First, let me start by saying I would love nothing more than to see this Bengals franchise back on top of the football world again and competing for a Super Bowl ring.

If winning a Super Bowl is not the No. 1 priority for this franchise, then I think you are doing this team and this city an injustice. I often hear people say, "As long as Mike Brown is making a profit, he can live with losing." This would be OK if your business was in a field other than entertainment.

The sole purpose of your business should be to entertain your customers by winning football games.

Money and success will come with winning.

If living with losing is OK, even if you are making money, I think you're in the wrong business. (Honestly, I really don't think you feel this way.)

Former Bengals: Hire GM, think championship
Louis Breeden's letter
Dave Lapham's letter
Mike Martin's letter
Bob Trumpy's letter
Solomon Wilcots' letter
So, let's see how together we can change the mindset of the franchise from not just trying to be competitive but to winning Super Bowls.

Did you notice I said "we"?

I still feel like I'm a part of the Cincinnati Bengals. Despite every negative thing I may have said about your organization over the years, I will always be a former Bengal until the day I die. I want to see this team win. But it often gets frustrating when I see how you're going about achieving the goal of winning.

So let's start at the top.

Mike, there have been a number of poor decisions since you have been at the helm of this franchise.

Your first major decision was to draft QB David Klingler instead of cornerback Troy Vincent. Mr. Klingler is out of the league and Mr. Vincent is still playing and has been to a number of Pro Bowls. If this was just a gut feeling on your part, then your stomach must have been very upset that day. If you were persuaded to make that pick by someone on your staff, then that person should no longer be evaluating talent.

Putting Mr. Klingler in that offense, at the time, was like putting a square peg into a round hole. You wanted a run-and-shoot quarterback to be a drop-back passer - bad fit.

Another major mistake was the hiring of Dave Shula as head coach.
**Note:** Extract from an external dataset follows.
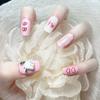 Armadura usada a mano al por mayor, explosiones rojas de red, mariposa de diamante roto, brillo para uñas, uñas, uñas, piezas de uñas, parche de uñas terminado, pegamento de gelatina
You probably felt that having the Shula bloodline would be an automatic success. But no matter who you are or who your father is, respect is something that is earned, not given. Dave never earned it. The draft selection of defensive end John Copeland over All Pro left tackle Willie Roaf was another poor choice. Again, I question whether this was a gut feeling or merely persuasion.

Either way, the wrong decision was made. These are just a few examples of poor decision-making by your franchise.

Let's look at this year's team. There were two major decisions made that were supposed to help.

One of them is sitting on the bench getting paid (quarterback Gus Frerotte), and the other is no longer on the team and still getting paid (Michael Westbrook). Consequently, millions of dollars were wasted, due to poor decision-making, once again.

I don't want to sound redundant, but there has been at least 12 years of consistently poor decision-making by the GM or someone within your front office.

Mike, if I see it, I know you must see it.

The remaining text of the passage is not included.